Description
Spicy, cheesy, creamy, hearty buffalo chicken dip…full of ranch flavor!
Ingredients
Scale
- 2 large bone-in, skin-on chicken breasts (about 1-1/2 pounds) or the breasts off one rotisserie chicken
- 12 ounces cream cheese, at room temperature
- 1/3 cup mayonnaise
- 1/3 cup sour cream
- 1/2 cup ranch dressing
- 3/4 cup hot sauce, preferably Frank’s Red Hot
- 2 teaspoons Worcestershire sauce
- 1 tablespoon dry ranch dressing/seasoning mix (e.g., Hidden Valley)
- 1/2 teaspoon garlic powder
- 4 ounces (1-1/2 cups) sharp cheddar cheese, grated
- 4 ounces (1/2 cup) pepper jack cheese, grated
- 5 scallions, white and green parts thinly sliced
- Kosher salt and freshly ground black pepper
- Tortilla chips, for serving
Instructions
- If cooking the chicken (skip to step 2 if using rotisserie chicken): Preheat the oven to 400°. Line a small baking sheet with aluminum foil. Place the chicken breasts on the sheet pan, drizzle with a little olive oil and season both sides with salt and pepper. Roast for 30 to 35 minutes, until the chicken is cooked through. Let cool slightly.
- In a large mixing bowl, combine the cream cheese, mayonnaise, sour cream, ranch, hot sauce, Worcestershire sauce, ranch seasoning mix, garlic powder, cheeses, and green onion (reserve a handful of cheese and green onion for topping). Season to taste with salt and pepper.

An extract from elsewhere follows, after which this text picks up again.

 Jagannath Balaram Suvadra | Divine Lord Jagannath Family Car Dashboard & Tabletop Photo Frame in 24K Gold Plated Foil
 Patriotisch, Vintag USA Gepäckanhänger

- Reduce (or preheat) the oven temperature to 350°. When the chicken is cool enough to handle, remove the skin and cut the breast from the bone. Shred the chicken into bite-sized pieces, using two forks or your fingers. Add to the dip mixture, stirring to combine. Transfer to a baking dish. Bake for 20 to 25 minutes, until bubbly and golden brown on top. Serve hot with tortilla chips.